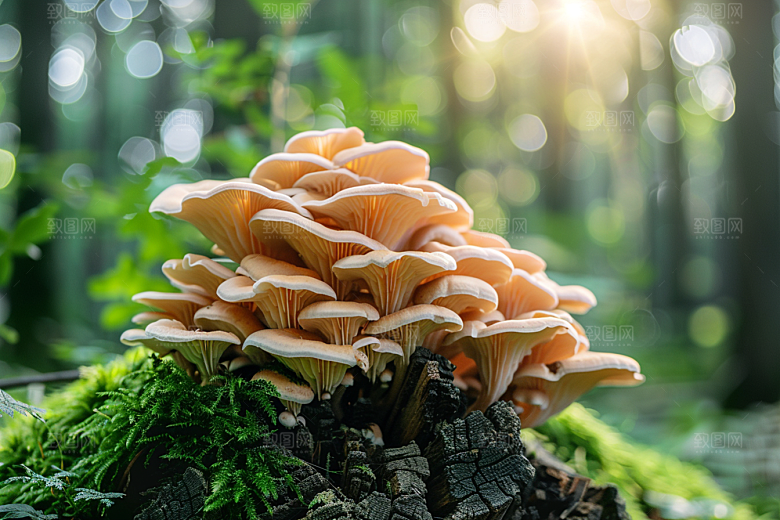 菌菇高清食用菌摄影图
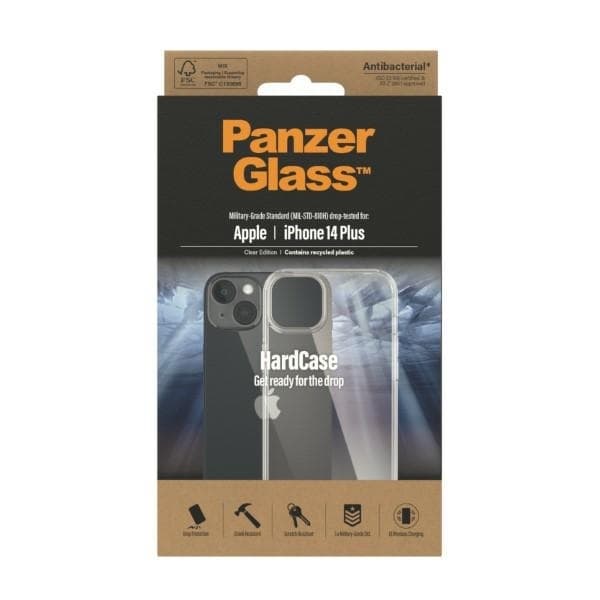 PanzerGlass Mobilskal till iPhone 14/15 Plus Military - Transparent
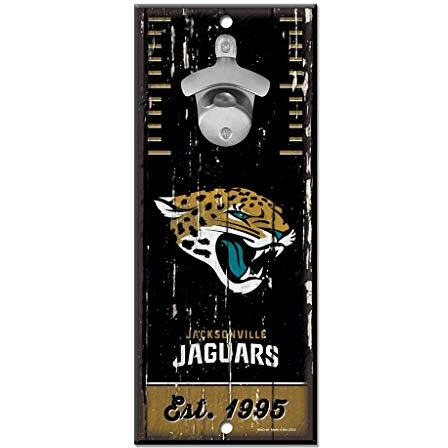 Jacksonville Jaguars Sign Wood 5x11 Bottle Opener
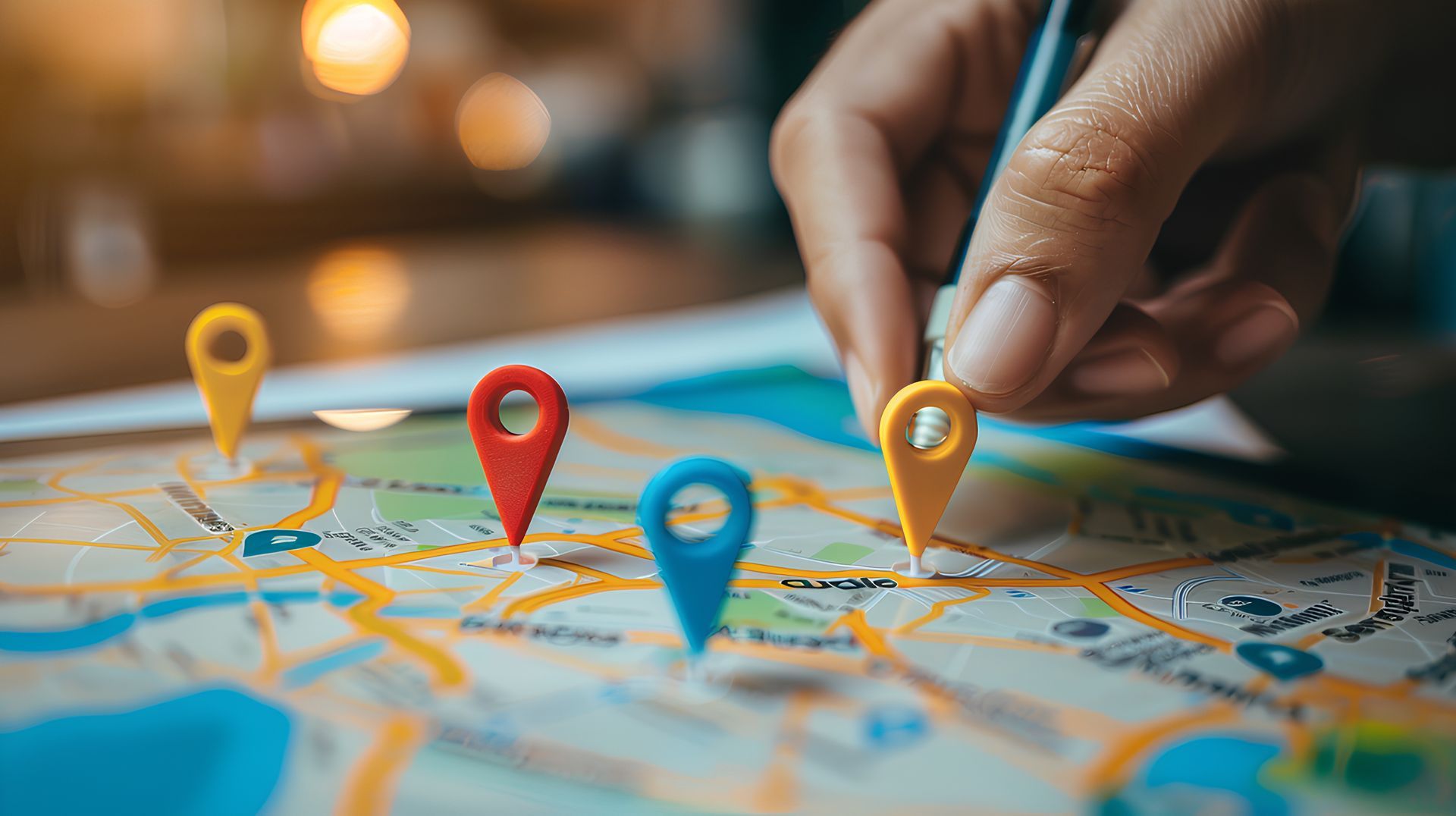Map with places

● Task prompt:
Because the copy must hold no pictures, return only the lines that run from the line containing "Jacksonville Jaguars Sign" to the end of the data above, each exactly as it stands.

● Expected output:
 Jacksonville Jaguars Sign Wood 5x11 Bottle Opener
Map with places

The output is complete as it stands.